PROBLEM DESCRIPTION:
Search the records for the word "type". Copy every line where it appears.

DATA FOR THE TASK:

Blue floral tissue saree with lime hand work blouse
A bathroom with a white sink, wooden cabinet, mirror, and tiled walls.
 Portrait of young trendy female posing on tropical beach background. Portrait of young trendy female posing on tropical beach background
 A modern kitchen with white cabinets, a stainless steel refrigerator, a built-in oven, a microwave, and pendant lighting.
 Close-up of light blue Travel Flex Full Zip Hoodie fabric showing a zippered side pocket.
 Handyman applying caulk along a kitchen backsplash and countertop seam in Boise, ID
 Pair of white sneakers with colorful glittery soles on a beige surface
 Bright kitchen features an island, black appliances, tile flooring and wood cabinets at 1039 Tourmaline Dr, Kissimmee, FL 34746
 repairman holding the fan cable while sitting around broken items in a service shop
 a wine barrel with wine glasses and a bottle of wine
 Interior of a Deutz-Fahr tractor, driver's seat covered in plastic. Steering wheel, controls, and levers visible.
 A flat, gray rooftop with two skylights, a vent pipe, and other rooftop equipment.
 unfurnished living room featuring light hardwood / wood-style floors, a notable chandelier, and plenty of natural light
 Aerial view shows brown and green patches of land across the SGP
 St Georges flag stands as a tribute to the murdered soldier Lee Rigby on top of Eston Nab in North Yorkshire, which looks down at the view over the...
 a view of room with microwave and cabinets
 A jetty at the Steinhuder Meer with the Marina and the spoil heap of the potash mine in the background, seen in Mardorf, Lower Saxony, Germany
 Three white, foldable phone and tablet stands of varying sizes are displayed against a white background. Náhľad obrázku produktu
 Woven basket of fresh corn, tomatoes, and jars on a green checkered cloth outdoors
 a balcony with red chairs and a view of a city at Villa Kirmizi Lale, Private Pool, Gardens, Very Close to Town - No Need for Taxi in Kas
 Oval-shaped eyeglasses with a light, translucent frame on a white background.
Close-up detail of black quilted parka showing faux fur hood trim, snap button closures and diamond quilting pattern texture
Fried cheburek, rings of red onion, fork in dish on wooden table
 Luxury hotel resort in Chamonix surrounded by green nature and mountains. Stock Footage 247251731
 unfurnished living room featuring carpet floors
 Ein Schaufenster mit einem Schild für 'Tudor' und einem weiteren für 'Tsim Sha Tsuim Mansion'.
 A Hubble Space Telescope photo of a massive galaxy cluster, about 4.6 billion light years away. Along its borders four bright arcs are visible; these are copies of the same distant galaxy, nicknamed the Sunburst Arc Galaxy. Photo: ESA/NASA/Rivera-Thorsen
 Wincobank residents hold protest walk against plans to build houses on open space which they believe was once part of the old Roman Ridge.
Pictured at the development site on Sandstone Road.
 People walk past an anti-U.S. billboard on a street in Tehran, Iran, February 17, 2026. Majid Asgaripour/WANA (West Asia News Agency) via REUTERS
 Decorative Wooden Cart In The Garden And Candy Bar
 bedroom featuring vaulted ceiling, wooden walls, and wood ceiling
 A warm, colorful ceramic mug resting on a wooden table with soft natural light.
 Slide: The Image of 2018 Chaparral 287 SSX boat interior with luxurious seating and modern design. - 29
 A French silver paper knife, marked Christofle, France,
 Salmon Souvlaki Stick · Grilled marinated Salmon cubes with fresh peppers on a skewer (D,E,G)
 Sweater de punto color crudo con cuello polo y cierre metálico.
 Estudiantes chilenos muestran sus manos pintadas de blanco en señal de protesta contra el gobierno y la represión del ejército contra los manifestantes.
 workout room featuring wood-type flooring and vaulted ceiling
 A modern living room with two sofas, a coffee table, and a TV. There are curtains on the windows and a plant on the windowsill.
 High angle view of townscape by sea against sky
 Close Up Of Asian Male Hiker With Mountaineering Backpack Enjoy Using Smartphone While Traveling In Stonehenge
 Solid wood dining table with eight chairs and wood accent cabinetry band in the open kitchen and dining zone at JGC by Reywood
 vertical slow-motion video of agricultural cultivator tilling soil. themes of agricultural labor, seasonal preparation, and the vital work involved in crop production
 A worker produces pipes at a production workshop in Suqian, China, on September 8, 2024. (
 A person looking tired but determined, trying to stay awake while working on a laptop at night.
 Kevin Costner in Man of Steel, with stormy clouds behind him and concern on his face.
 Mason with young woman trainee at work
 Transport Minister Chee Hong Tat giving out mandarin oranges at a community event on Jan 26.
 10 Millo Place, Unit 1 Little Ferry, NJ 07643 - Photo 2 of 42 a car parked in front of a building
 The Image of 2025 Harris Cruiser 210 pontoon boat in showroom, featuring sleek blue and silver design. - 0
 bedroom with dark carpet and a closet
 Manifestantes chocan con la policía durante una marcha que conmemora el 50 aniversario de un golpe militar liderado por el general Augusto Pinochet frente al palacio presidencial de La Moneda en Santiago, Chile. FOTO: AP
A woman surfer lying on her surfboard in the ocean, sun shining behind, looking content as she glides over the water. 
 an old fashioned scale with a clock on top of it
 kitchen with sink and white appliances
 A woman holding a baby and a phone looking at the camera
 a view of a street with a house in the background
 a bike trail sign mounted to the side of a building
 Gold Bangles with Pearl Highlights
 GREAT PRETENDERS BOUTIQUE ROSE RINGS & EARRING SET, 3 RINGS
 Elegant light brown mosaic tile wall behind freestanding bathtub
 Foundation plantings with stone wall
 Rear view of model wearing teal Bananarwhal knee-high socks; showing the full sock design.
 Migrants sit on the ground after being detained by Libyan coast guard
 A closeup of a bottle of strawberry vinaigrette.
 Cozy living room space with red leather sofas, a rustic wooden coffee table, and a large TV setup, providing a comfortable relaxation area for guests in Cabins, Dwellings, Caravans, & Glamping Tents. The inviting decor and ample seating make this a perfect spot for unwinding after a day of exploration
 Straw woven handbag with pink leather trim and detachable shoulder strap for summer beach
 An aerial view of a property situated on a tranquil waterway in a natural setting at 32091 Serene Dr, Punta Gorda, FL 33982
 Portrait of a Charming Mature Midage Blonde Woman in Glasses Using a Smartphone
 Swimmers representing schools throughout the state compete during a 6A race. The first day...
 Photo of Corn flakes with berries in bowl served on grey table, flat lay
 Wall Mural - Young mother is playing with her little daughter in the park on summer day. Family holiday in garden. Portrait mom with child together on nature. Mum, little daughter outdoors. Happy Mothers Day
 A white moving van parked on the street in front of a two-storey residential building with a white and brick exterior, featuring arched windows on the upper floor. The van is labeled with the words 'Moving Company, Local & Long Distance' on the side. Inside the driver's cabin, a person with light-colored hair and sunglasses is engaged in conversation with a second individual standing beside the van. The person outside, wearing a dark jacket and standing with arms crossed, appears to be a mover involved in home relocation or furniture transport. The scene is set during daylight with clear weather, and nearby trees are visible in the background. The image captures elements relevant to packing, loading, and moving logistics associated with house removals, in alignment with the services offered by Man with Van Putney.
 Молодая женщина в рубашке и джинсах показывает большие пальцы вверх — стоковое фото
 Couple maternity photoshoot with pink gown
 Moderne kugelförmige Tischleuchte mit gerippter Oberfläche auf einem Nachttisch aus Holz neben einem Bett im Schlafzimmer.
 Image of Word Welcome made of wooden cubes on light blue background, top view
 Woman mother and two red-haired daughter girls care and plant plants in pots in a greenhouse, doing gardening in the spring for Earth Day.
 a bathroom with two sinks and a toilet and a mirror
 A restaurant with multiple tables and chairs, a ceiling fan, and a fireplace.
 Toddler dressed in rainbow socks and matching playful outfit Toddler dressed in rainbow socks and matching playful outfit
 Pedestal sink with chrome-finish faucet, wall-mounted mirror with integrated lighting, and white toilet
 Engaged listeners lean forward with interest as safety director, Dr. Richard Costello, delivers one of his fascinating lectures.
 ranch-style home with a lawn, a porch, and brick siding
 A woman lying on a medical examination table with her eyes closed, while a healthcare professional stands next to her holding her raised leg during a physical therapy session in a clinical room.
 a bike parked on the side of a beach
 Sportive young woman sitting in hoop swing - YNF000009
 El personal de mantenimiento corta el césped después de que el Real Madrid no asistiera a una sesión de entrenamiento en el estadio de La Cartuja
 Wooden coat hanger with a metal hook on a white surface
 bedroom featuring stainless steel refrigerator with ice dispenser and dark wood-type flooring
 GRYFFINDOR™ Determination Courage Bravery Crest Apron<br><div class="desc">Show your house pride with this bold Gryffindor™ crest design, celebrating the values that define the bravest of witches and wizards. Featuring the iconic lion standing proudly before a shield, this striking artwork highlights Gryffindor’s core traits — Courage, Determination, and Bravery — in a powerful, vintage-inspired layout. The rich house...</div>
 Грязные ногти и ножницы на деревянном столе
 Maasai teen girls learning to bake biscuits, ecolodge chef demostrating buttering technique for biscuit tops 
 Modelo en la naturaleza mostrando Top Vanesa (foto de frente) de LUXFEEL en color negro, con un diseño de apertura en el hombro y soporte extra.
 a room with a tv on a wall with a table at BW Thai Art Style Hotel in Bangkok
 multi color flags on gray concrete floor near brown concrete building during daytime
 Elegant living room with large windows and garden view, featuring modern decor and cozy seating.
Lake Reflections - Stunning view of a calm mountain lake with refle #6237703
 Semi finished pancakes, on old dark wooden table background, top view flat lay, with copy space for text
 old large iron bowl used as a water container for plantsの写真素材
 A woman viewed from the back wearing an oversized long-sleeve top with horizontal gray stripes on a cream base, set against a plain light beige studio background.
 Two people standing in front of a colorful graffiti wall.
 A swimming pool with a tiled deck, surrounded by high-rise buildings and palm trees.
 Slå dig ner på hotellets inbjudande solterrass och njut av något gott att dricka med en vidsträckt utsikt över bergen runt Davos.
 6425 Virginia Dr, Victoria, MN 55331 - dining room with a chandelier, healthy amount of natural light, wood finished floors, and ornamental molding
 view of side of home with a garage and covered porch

SOLUTION TO THE PROBLEM:
 workout room featuring wood-type flooring and vaulted ceiling
 bedroom featuring stainless steel refrigerator with ice dispenser and dark wood-type flooring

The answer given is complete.